#### Task to carry out:
In this exercise, the entries below include pictures. Repeat exactly the lines from the line with "Обложка для материала" to the line with "一年级语文期末试卷(王淑珍).doc_第2页", including both, but without the pictures.

═══ Data records ═══

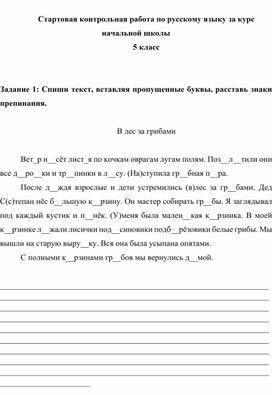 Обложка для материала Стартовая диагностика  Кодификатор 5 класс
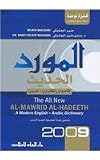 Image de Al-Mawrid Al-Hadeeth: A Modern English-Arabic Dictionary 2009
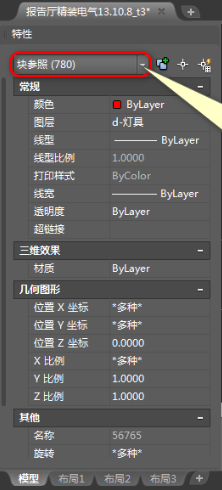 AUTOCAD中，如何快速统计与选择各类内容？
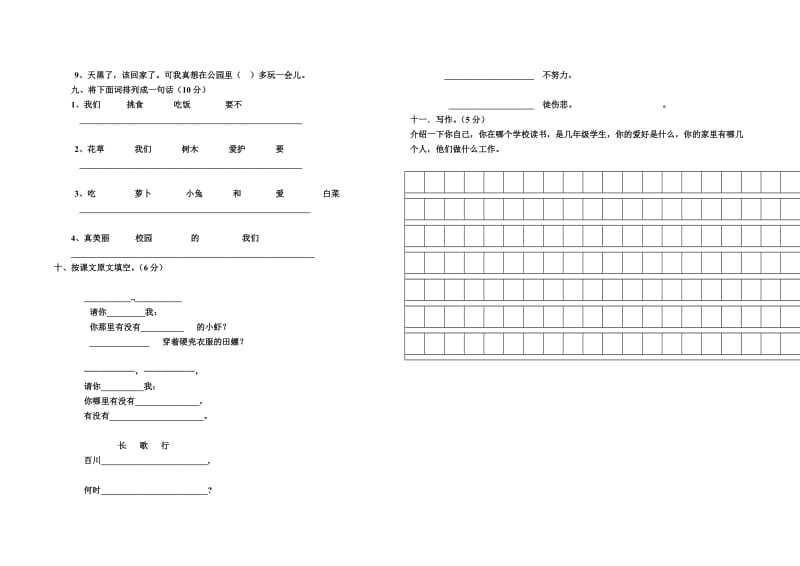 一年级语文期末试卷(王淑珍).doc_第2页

═══
═══ Data records ═══

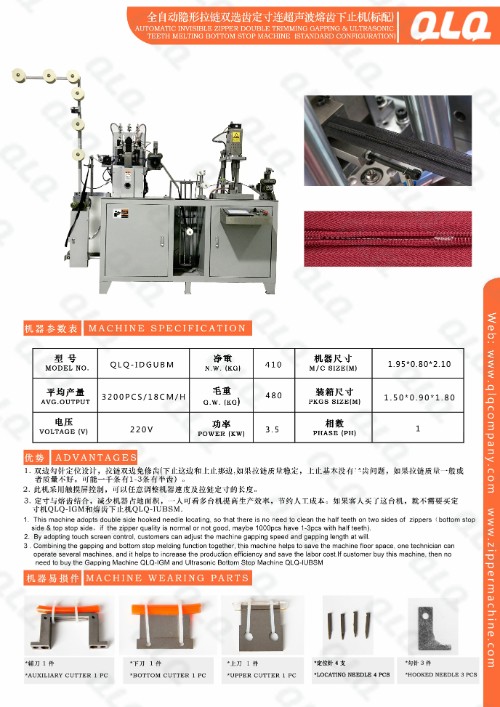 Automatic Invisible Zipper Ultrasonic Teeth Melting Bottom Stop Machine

═══

#### Solved exercise:
 Обложка для материала Стартовая диагностика  Кодификатор 5 класс
 Image de Al-Mawrid Al-Hadeeth: A Modern English-Arabic Dictionary 2009
 AUTOCAD中，如何快速统计与选择各类内容？
 一年级语文期末试卷(王淑珍).doc_第2页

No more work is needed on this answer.